SUPERMARKET giant Tesco is set to generate 620 new jobs with its ambitious plans for Huddersfield, it was claimed today.
Tesco said its £120m plans to build a new store and redevelop its existing site would bring major employment opportunities.
The company expects to create 270 new jobs at the new store – to add to its existing store workforce of 300.
And it predicts that its plans for shops, offices, flats and a 72-bed hotel on the current store site will bring another 350 posts.
Tesco has been heavily criticised by MP Barry Sheerman and town centre traders over plans to build a new store at Southgate. But the firm said its proposals represented “a huge catalyst for change for the better”.
It pledged that its developments for the Leeds Road “gateway” to the town – including building apartments, shops, offices and a hotel on the site of its existing store – would provide a “wow factor” when viewed alongside neighbouring buildings such as the Media Centre.
Critics have complained about the look of the proposed store and its potential impact on other retailers. They have also questioned how much power Tesco has been able to wield in its discussions with Kirklees Council over the plans.
Tesco’s corporate affairs manager Neil Skitt said the company had consulted widely on its proposals – with traders, community groups, councillors and members of the public, adding: “We want to involve as many people as we possibly can. They are giving us a feel for what people want and what they don’t want.”
Mr Skitt said that a final design for the new store had yet to be decided, although Tesco has released images of how the store could look.
He said: “We are conscious that the site is a gateway to the town and we want to make it an outstanding piece of architecture. We hope the final design will have wide appeal to the people of Huddersfield.
“We hope to submit our application in the next month or two, but that is subject to discussions with the council and we would rather get it right than go for a specific date and not get it right.”
Mr Skitt said Tesco was going “over and above” its normal design practices to make sure the new Huddersfield store had a positive impact on the town.
Mr Skitt stressed that demand for the new store was being driven by customers. “The existing store is not what customers want,” he said. “It is not big enough to cover all the things they want to buy.

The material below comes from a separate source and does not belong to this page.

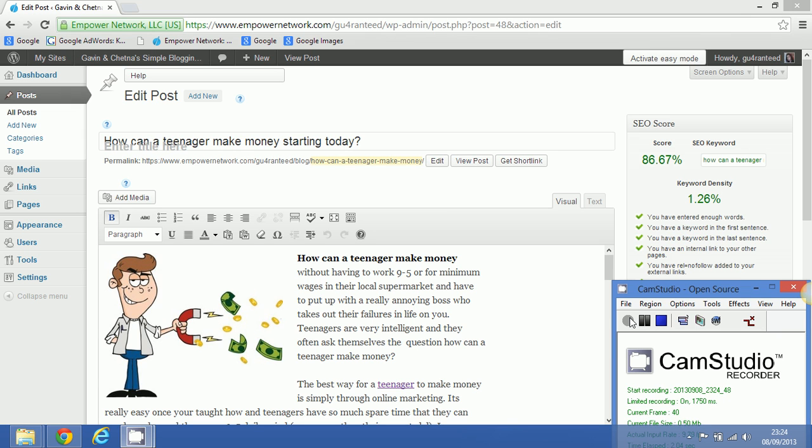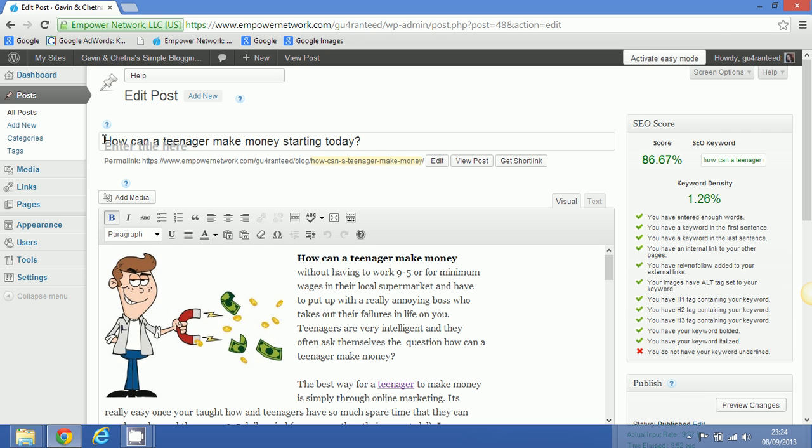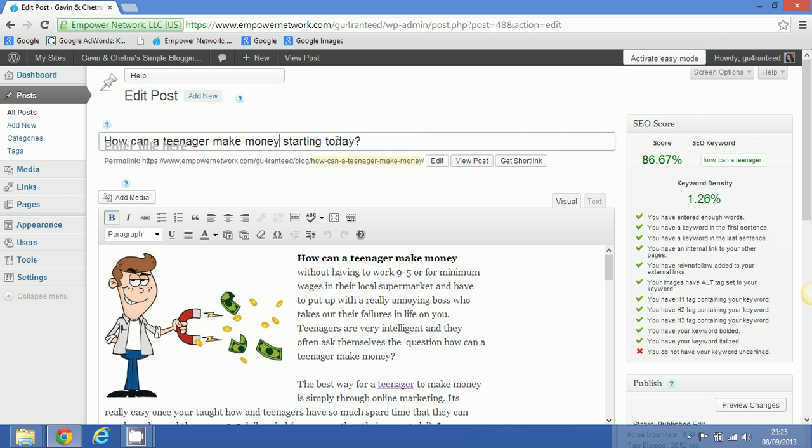Right team, the first step on your checklist is to make sure you have your keyword phrase as the start of your header title. Here you can see my keyword phrase is 'how can a teenager make money.' No matter what words you put in after your title to make it more appealing and enticing for someone to keep reading your article, it must start with the keyword phrase.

Redeveloping the store on that site is not financially viable.
“What we want to replace that store with is a visually stunning scheme that will provide more than 200 flats – 60 of them affordable homes – along with retail units, office space and a 72-bed hotel.

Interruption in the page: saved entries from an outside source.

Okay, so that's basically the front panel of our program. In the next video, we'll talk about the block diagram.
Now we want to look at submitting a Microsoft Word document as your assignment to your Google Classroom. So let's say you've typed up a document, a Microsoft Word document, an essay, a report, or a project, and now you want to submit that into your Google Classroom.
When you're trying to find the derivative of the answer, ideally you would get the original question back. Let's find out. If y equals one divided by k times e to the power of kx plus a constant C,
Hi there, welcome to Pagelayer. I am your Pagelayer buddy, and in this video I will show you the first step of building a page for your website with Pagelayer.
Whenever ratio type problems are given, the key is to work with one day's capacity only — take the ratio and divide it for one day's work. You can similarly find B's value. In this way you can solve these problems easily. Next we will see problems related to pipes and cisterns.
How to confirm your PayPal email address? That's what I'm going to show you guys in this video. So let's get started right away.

“It is going to be fantastic to have the Media Centre, the redeveloped store site and the new Tesco store over the road. It will create a wow factor and it will generate benefits for the local economy with new shops and residents using those shops.”
The new store would be one of 21 “partnership” stores operated by Tesco where most of the new recruits are drawn from the local long-term unemployed.
“We will stage an open day for people to learn more about the jobs available,” he said. “They will have an interview and they will be told the same day if the are to be offered a job. They will then have an eight-week training course.
“The interview is not done on the basis of academic qualifications but to find out what they are like and whether they have ‘people’ skills. There will be many opportunities for people as a result of this scheme.”
Mr Skitt said the new Tesco store was vital to help Huddersfield maintain its position as a regional shopping centre. “If things are left as they are, our shoppers will go to other Tesco stores,” he said. If they go elsewhere, you will get ‘leakage’ out of the town.
“We want to retain our customer base in Huddersfield and we want to bring more people into Huddersfield to shop with us and other retailers in the town – whether that’s with existing shops or the new retail units.’’
As part of the plan, Tesco is providing funds to allow Kirklees Council to invest £28m in a new sports centre – with Springwood earmarked as the most likely location. Mr Sheerman claimed Tesco had “run rings” round the council to ensure the retailer got its way.
But Mr Skitt insisted the council had not given Tesco an easy time in talks about its plans.
“Kirklees has been very robust in saying what they like and what they don’t like,” he said. “They have been challenging and absolutely clear about what they want. That’s what we like from a local authority because that’s what ensures the success of the scheme.
“We don’t expect an easy ride in terms of our planning applications and Kirklees have not given us one.”